MLM is used for analyses of data that have certain groupings, as well as data with repeated observations. In the present study, there are both. We have a set of different platforms, and each participant is also measured 3 times (weeks) for each platform. If we were to do a linear regressions, this structure inherently violates one of that model’s assumptions: independence of errors - i.e., that errors are uncorrelaed. In repeated measures observations, we’re going to have observations that are more alike than others since the same person is going to have multiple measurements! Additionally, as the EDA portion hinted at, there are going to be observations for certain platforms that are more alike than others. For example, instagram will, on average, have much more favorable ratings and higher usage than Pinterest. An advantage of MLM is that the assumption of independence of errrors does not have to be true.
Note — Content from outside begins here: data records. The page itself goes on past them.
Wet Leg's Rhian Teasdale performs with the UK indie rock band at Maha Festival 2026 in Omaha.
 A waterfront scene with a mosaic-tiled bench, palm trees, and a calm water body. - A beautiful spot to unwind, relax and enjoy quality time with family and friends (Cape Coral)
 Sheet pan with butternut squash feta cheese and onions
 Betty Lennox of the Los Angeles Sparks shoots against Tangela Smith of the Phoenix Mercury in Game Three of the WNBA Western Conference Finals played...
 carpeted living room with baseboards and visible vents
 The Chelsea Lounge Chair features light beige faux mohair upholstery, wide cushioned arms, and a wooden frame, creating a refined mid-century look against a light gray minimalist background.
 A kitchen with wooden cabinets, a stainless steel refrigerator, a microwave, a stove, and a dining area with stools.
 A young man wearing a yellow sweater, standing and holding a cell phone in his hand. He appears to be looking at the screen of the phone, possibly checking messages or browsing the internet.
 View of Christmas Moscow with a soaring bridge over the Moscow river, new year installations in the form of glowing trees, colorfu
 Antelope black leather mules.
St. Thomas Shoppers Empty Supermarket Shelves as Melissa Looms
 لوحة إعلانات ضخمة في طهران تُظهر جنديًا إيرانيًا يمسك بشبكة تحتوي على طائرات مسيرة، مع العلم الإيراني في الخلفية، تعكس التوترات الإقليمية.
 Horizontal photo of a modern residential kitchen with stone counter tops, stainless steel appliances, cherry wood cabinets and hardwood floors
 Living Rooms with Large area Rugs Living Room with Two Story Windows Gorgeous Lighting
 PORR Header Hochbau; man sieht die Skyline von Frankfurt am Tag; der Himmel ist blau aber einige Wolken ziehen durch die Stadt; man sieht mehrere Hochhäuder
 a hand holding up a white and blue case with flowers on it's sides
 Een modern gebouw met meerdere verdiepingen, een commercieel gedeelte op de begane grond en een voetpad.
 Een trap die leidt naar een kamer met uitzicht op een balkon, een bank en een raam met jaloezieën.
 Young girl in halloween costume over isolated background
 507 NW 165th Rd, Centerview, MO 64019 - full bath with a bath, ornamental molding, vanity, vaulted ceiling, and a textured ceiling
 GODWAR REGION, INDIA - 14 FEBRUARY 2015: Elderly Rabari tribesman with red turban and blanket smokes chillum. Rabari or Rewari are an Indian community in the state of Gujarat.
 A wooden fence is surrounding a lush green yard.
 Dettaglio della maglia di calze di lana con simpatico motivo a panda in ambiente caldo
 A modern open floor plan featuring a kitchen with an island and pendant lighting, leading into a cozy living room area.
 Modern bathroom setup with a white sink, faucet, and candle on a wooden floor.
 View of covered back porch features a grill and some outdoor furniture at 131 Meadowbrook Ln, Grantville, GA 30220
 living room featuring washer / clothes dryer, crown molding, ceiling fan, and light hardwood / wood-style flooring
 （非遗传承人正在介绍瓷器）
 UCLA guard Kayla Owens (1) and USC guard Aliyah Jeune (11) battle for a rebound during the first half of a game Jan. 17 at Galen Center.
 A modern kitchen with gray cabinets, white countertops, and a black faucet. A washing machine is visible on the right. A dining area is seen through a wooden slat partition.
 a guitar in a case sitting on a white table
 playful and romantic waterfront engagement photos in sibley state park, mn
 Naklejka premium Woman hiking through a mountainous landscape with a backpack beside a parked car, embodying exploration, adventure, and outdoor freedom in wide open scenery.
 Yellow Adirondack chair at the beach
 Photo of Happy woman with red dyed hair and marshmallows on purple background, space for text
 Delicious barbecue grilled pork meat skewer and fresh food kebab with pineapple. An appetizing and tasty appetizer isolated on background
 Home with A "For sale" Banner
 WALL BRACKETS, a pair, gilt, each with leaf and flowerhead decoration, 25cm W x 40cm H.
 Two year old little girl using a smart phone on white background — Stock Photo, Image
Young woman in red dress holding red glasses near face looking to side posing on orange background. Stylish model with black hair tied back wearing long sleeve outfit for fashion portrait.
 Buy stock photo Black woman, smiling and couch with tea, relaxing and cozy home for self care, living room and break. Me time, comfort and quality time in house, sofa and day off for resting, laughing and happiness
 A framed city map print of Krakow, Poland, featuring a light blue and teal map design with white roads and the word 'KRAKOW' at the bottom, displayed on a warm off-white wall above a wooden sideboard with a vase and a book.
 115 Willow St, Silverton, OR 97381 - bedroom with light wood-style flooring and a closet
In a standard linear regression, a single intercept value is estimated, which assumes a “one-size-fits-all” value. In MLM, we can estimate random intercepts for any differences in groupings. Take another look at the mean usages for each platform.
The variation in intercepts (where each platform hits the y-axis) is stark enough to illustrate that we should probably not estimate 1 intercept here. Random intercepts in MLM will be able to account for this. Similarly, we can look at participants’ average usage times for all apps each week.
Using MLM, we will be able to estimate separate intercepts for each participant as well! By taking into account these differences, we will be able to get more accurate coefficients for our predictors since we remove differences associated with both individual participants as well as the platforms.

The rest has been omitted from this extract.